**Work task**
From the line with "Results from any" to the line with "I got 2024.99, which", retype every line exactly, including those two, and leave out the rest of the data below.

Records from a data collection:
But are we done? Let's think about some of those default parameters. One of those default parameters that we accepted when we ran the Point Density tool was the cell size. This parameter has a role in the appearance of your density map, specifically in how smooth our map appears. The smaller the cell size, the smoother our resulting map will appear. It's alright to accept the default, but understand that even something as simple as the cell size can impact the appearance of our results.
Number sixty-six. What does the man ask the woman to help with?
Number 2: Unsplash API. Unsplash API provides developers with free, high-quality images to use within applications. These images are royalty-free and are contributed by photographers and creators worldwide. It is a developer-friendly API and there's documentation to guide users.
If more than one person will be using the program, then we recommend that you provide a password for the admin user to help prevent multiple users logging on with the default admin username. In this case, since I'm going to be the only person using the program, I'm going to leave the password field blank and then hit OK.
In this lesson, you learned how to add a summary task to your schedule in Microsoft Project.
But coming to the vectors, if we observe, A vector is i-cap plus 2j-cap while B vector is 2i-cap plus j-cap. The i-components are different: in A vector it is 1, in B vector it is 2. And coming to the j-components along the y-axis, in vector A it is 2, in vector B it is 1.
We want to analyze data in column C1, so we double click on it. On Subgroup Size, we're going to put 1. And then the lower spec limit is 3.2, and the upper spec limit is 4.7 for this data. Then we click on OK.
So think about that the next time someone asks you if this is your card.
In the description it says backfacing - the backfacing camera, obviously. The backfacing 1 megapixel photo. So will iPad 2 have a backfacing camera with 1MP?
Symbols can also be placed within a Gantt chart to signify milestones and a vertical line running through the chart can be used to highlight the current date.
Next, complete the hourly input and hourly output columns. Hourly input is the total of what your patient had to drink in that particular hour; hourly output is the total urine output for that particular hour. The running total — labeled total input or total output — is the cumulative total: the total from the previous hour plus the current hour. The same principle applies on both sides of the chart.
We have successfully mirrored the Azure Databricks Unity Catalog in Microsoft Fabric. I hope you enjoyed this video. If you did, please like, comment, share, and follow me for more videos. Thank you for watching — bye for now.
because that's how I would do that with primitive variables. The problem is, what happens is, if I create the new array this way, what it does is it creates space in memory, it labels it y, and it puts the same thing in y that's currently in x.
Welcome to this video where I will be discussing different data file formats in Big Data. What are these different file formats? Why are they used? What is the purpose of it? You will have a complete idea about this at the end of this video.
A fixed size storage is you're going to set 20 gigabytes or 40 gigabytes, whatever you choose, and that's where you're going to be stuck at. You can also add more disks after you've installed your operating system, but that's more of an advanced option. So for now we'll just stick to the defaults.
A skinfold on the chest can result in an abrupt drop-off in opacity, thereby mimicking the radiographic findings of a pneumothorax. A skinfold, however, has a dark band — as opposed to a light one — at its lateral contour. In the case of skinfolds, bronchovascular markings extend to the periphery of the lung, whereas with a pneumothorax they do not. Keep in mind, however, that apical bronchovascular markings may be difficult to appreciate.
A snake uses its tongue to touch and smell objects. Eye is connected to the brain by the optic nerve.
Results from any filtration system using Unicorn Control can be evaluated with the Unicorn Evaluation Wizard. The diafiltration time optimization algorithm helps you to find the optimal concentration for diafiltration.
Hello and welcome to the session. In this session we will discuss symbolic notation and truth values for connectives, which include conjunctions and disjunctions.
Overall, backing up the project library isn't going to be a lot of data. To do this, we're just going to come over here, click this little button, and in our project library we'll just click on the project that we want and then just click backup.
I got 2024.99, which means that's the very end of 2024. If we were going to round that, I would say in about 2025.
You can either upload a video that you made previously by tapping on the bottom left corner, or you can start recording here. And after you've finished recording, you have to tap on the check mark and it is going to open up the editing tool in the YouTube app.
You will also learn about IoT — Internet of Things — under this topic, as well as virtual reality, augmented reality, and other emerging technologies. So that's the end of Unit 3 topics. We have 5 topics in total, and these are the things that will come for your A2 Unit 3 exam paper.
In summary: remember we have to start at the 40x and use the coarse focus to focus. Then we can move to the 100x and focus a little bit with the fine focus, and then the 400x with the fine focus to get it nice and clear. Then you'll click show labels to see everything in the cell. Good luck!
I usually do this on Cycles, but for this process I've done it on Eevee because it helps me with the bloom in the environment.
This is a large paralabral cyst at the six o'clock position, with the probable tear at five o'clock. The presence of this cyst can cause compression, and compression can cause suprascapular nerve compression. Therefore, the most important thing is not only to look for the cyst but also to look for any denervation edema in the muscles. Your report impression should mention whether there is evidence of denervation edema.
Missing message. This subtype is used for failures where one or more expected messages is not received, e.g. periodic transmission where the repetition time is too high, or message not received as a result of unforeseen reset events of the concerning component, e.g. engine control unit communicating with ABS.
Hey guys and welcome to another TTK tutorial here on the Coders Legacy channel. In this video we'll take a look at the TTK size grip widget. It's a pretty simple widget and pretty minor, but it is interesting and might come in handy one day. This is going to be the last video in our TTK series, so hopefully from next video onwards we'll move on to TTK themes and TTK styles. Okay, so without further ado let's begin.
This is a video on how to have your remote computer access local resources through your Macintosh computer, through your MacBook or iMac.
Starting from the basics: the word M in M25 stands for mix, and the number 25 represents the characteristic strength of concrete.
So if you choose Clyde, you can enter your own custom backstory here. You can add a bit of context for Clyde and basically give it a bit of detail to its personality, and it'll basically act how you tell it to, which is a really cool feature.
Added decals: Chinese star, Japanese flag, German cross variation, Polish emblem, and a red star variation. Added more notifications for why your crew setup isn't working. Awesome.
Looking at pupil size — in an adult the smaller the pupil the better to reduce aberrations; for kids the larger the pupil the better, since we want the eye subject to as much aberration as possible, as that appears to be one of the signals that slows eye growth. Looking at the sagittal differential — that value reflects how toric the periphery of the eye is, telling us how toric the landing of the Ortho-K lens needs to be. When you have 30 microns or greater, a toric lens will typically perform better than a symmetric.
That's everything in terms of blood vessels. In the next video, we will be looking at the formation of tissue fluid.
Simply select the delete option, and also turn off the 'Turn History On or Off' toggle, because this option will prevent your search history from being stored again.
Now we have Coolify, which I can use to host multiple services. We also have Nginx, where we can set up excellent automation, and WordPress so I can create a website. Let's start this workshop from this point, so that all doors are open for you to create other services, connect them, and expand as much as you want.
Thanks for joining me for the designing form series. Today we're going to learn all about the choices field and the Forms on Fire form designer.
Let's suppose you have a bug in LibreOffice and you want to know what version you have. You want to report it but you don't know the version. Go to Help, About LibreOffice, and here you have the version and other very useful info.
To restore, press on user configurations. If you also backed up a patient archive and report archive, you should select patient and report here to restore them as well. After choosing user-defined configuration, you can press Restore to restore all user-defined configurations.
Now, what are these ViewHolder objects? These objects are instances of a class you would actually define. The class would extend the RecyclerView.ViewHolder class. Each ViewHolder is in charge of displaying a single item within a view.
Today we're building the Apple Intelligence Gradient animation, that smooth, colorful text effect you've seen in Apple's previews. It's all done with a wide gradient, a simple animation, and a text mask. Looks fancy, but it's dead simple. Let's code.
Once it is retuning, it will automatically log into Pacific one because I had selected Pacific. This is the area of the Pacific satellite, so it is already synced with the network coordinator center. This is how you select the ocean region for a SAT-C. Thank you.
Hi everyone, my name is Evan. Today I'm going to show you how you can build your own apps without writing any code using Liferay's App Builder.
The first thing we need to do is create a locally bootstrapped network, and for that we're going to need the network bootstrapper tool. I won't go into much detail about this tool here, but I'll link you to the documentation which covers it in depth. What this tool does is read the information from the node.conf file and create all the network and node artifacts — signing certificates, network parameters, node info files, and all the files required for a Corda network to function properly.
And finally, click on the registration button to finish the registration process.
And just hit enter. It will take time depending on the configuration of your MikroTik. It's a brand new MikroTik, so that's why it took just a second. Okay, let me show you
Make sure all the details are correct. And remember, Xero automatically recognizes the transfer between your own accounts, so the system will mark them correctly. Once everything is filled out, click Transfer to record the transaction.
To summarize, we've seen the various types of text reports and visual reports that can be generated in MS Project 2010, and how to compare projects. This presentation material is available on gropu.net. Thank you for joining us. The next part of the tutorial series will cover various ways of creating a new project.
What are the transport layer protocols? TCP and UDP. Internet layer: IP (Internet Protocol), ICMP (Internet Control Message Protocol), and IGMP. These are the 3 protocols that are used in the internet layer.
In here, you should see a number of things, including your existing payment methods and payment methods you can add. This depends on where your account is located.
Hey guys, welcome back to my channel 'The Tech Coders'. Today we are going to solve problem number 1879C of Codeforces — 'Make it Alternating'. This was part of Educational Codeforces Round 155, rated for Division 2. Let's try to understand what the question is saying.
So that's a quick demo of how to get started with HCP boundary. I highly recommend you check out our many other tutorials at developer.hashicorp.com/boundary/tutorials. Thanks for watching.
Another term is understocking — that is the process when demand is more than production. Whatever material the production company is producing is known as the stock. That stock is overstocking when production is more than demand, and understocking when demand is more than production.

**Solved exercise**
Results from any filtration system using Unicorn Control can be evaluated with the Unicorn Evaluation Wizard. The diafiltration time optimization algorithm helps you to find the optimal concentration for diafiltration.
Hello and welcome to the session. In this session we will discuss symbolic notation and truth values for connectives, which include conjunctions and disjunctions.
Overall, backing up the project library isn't going to be a lot of data. To do this, we're just going to come over here, click this little button, and in our project library we'll just click on the project that we want and then just click backup.
I got 2024.99, which means that's the very end of 2024. If we were going to round that, I would say in about 2025.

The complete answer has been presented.